Google's incident response system, known as IMAG, is based on the Incident Command System (ICS), a US standard for responding to emergencies, such as wildfires or earthquakes. These systems focus on the "three Cs" (3Cs) of incident management: coordinate, communicate, and control.

IMAG organizes the incident response by establishing a hierarchical structure with clear roles, tasks, and communication channels. The main roles in Google's IMAG are Incident Commander (IC), Communications Lead (CL), and Operations Lead (OL). The IC coordinates the overall incident response. The CL provides regular updates to stakeholders and acts as a point of contact for incoming communications. This allows the OL to focus on mitigating the issue, minimize user impact, and resolving the problem. This helps balance multiple ongoing needs. As suggested by the name, these leads may delegate certain tasks to other responders. Incident roles do not follow reporting chains and instead are based on knowledge and incident context.

Good incident response, like many things, is user-centric. Fixing the problem is only part of what's needed; it's just as important to ensure that your users, stakeholders, and leaders are updated about what's affected, how bad it is, what workarounds may be possible, and when the incident may be mitigated and resolved. Communicating consistently and with an appropriate level of detail for the reader builds trust and transparency. These are just as important as technical mitigations.

Google has various Incident Response Teams (IRTs) which can also be activated for additional support during major incidents. The services provided by each IRT vary, but may include coordinating multiple team-level efforts, providing hands-on assistance, identifying and contacting teams that are (or should be) involved, gathering resources, assisting in escalations, activating other IRTs, and broad internal and/or external communications.

Effective response means treating it as a project in its own right. This includes planning ahead, deciding who needs to be involved, and documenting what has been done. Chaos will naturally prevail unless it is actively managed.

Remediate and learn from incidents

One of Google's core tenets of effective incident response is to learn from outages and improve our systems to prevent similar incidents from happening in the future. When not possible, we strive to minimize the duration and impact of unavoidable/unanticipated outages. Left unchecked, outages tend to regularly resurface and accumulate over time. This increases the operational toil for the team and can lead to expended error budgets, eroded user trust, and impacted revenue. The most effective tool we have found for achieving that is through open and blameless postmortem writing.

After the incident is resolved, a write-up of the incident is immediately started, seeking to fully understand and document how the incident unfolded, its impact, as well as things that went well or could be improved. It is important to look at a broad range of aspects of the incident response, not just at fixing the immediate problem or preventing it from recurring; looking at effective ways to improve detection, mitigation, coordination, or communication across teams and to impacted users is equally important.

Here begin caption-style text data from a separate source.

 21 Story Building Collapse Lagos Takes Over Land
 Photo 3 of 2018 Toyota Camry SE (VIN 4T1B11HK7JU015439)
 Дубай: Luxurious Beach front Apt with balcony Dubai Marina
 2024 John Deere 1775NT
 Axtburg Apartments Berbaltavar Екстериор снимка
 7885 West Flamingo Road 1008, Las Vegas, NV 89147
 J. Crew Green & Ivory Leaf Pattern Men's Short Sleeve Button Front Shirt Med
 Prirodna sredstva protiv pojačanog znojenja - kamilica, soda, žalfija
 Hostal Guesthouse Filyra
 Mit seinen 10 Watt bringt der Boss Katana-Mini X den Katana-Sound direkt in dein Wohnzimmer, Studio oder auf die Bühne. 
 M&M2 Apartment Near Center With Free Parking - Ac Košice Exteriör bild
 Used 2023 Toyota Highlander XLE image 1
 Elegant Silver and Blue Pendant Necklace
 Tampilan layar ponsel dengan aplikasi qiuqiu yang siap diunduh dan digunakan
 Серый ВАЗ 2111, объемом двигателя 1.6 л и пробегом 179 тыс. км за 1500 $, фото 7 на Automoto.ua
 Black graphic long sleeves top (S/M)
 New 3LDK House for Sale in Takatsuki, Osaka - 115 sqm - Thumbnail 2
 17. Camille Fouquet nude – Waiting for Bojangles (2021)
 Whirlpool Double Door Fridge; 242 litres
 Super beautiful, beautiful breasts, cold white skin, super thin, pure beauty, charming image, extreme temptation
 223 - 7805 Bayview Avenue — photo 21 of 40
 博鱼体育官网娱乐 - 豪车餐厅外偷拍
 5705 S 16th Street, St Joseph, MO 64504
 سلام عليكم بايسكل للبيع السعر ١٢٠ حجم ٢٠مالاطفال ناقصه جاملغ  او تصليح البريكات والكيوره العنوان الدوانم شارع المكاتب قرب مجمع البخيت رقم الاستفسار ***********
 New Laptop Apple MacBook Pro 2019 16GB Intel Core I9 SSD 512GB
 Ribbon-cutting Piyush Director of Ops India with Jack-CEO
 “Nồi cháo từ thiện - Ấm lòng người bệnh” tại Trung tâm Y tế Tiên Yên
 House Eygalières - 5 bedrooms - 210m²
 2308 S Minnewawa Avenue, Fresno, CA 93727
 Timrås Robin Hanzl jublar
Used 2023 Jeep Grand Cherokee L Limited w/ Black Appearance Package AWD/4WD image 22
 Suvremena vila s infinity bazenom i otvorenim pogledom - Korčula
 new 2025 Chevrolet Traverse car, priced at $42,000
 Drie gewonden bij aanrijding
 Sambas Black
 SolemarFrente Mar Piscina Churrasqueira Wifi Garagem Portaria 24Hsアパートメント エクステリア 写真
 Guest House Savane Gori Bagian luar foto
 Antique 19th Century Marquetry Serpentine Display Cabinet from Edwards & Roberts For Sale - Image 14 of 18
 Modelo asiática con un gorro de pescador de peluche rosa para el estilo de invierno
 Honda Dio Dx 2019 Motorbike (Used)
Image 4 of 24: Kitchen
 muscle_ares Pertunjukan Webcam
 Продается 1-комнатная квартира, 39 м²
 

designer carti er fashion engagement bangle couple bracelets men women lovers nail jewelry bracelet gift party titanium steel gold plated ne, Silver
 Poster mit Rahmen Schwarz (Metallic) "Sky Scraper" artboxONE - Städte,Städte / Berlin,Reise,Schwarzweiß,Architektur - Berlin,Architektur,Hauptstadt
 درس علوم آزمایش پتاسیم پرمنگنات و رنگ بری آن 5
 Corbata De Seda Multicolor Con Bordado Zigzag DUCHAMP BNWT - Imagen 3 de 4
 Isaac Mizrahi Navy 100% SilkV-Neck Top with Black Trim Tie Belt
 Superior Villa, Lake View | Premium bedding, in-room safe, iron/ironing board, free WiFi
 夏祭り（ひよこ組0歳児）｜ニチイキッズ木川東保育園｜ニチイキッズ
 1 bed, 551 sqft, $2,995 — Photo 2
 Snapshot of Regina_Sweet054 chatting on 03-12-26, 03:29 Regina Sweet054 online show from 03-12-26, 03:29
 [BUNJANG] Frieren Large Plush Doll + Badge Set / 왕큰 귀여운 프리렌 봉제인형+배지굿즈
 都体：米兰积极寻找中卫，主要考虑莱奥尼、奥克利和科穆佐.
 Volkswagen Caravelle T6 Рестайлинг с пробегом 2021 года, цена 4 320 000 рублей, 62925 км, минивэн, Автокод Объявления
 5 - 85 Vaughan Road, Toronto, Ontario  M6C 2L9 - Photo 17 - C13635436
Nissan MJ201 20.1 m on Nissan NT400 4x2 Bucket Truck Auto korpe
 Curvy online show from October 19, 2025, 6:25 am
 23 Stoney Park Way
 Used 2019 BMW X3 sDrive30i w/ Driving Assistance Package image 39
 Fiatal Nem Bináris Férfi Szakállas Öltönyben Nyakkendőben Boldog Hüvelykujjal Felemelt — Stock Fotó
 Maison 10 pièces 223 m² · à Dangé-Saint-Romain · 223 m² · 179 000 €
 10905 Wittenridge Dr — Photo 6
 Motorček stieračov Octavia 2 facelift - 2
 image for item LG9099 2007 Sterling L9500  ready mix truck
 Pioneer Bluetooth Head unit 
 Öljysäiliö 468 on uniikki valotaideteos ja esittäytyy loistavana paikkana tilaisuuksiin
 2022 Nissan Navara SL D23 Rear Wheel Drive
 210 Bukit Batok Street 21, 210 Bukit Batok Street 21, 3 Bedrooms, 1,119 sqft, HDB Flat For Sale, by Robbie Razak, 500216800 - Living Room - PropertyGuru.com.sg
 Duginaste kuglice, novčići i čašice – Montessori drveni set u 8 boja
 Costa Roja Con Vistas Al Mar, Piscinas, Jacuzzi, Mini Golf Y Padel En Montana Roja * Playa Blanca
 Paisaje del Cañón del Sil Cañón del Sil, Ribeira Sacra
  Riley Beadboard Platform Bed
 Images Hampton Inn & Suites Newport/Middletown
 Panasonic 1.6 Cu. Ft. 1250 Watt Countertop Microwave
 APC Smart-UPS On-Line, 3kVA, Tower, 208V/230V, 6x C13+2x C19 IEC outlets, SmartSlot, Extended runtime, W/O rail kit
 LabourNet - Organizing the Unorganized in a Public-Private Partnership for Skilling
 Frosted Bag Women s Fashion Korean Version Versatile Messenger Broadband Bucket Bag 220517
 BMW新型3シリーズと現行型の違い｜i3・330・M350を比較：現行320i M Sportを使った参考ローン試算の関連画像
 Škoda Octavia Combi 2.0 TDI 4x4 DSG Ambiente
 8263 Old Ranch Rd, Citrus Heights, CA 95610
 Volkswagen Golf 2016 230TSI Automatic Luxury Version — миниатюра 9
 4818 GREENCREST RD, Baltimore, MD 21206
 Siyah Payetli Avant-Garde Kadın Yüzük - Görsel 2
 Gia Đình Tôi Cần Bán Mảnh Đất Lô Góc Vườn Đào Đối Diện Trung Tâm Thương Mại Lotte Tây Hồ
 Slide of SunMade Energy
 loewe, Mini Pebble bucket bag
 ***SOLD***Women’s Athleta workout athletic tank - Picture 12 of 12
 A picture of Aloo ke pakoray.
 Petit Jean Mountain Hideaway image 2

One of the core tenets of SRE's culture is that postmortems should be blameless. It's important to remember that everyone involved in the incident had good intentions. Blaming individuals for unintended consequences during the response, does not aid the learning process so instead, we focus on how we can improve our systems, procedures, and training to make them more resilient.

An honest and timely postmortem write-up reviewed by stakeholders and shared broadly with the entire organization is key to identifying the most effective corrective action items to prevent similar incidents from happening again. Once SLOs for completion of action items are agreed with stakeholders, these feed back into the team's backlog. Teams balance these action items against feature work and prioritize informed by overall reliability.

Once a postmortem writing culture is established, aggregating structured data collected across a large number of postmortems to identify trends and organizational areas needing larger investments becomes a great opportunity in a larger organization.